You have now achieved something like this:


Figure 2: Connecting Resources on the Same Topic Using LD

Using a SPARQL endpoint, you can now query information from the DBpedia page or use it to reference or link to other pages from DBpedia. For example, if you have a topical web portal on Optics, you could automatically add definitions, images, news, social media feeds, or links to other publishers with Optics content.

Automation, Problems, and Quality Control

Can this process—matching terms from your taxonomy to DBpedia—be automated? Yes, but it requires careful quality control. We have found the most success using Spotlight as a starting point and validating the results by hand; this is faster than matching each term manually, and at the same time ensures accuracy.

As mentioned earlier, Spotlight is better at matching blocks of text (leveraging semantic proximity) than single concepts from a taxonomy, but it’s accurate enough to decrease some of the effort of manual matching.

The primary sticking point, however, is that any specialized thesaurus will be more granular than DBpedia is. Your taxonomy on Physics, in the thought experiment above, is going to have far more specific terms than DBpedia in many, many places. The top two or three levels of your taxonomy will probably have corresponding LD pages, but the more specific topics will not.

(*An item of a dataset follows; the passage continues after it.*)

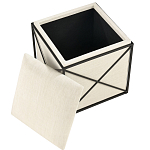 Пуф бежевый с черной металлической рамой Beige Pouf варинант исполнения - 1 | Loft Concept в Ростове-на-Дону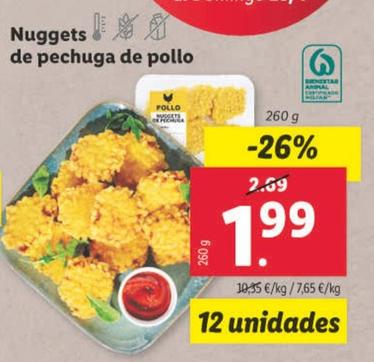 Oferta de Nuggets De Pechuga De Pollo por 1,99€ en Lidl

For example, there’s a robust DBpedia page on Optics, as well as one on Nonlinear optics; more specific topics within Nonlinear optics, however, are far less likely to have a corresponding page (e.g., “Photonic metamaterials” has no corresponding LD page we’ve found so far—and many scientific and technical vocabularies get even more granular than this).

Possible solutions to this problem are as follows:

  • Forget it for the time being and check back later to see whether a corresponding page emerges.

This is the easiest option, but does not accomplish much.

  • “Roll up” more granular topics to the next-nearest Broader Term in the taxonomy.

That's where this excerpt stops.